- The Washington Times - Tuesday, August 5, 2008


When high school senior Natalie Ciappa nearly died of a heroin overdose Memorial Day weekend, she promised her parents she had learned her lesson and was going clean.

She got a job, met a guy and appeared to be getting better. She even was making her curfews again.

But on the first night of summer, Natalie went to a party and never came home.

The death of Natalie Ciappa, a Plainedge High School honors student with a singing voice her mother says was too good for “American Idol,” has confirmed what police, prosecutors and federal narcotics agents say has been a growing problem on Long Island: cheap, potent heroin available for sale in school hallways, malls, parks and just about anywhere young people congregate.
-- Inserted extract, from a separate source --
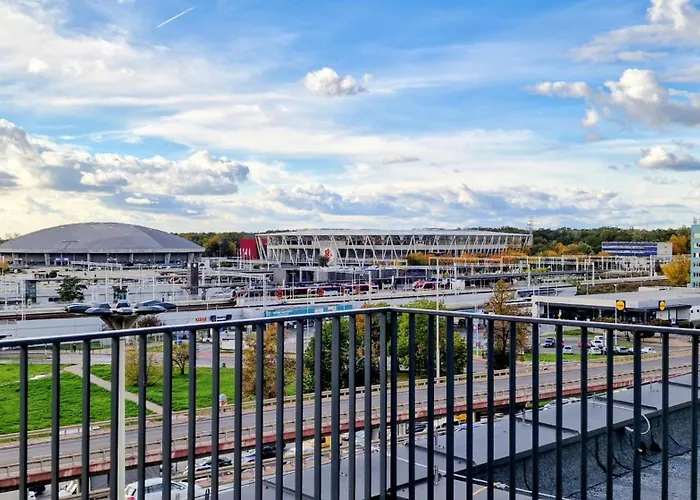 Luxury In 16 Atlas Arena&tobaco&free Parking 公寓 *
It is not a problem isolated on Long Island. Though the federal Drug Enforcement Administration says heroin use has remained fairly consistent across the country in recent years, the highly addictive narcotic goes through vicious phases when it becomes the trendy drug of choice among teenagers. For example, suburban Dallas is among the areas that have been combating heroin use by children as young as 8 for several years, officials say.

On Long Island, the scourge of the drug is exacerbated by the fact that dealers are preying on areas with heroin that costs virtually nothing. One heroin ring that included Natalie Ciappa’s ex-boyfriend was charged recently with selling the drug at the Hempstead bus terminal for as little as $5 a packet.

“Cigarettes are $6 a pack!” exclaimed Patricia Silverman, whose children all graduated from Plainedge High School. “My heart goes out to the parents. It’s just a national tragedy. This is supposed to be a beautiful community.”

Many teens using heroin snort the drug rather than inject it. “Unfortunately, because it can be snorted, kids think the stigma of being a drug addict is removed,” said John Gilbride, the DEA’s special agent in charge of the New York office. “There’s not the same stigma as when a hard-core drug user injects it.”

Lt. Peter Donohue, a veteran narcotics detective, subscribes to a “generational amnesia” theory. “The kids have been told about the detriment of using cocaine, alcohol or marijuana, but heroin was never [discussed] really; that’s something from a generation ago,” he said.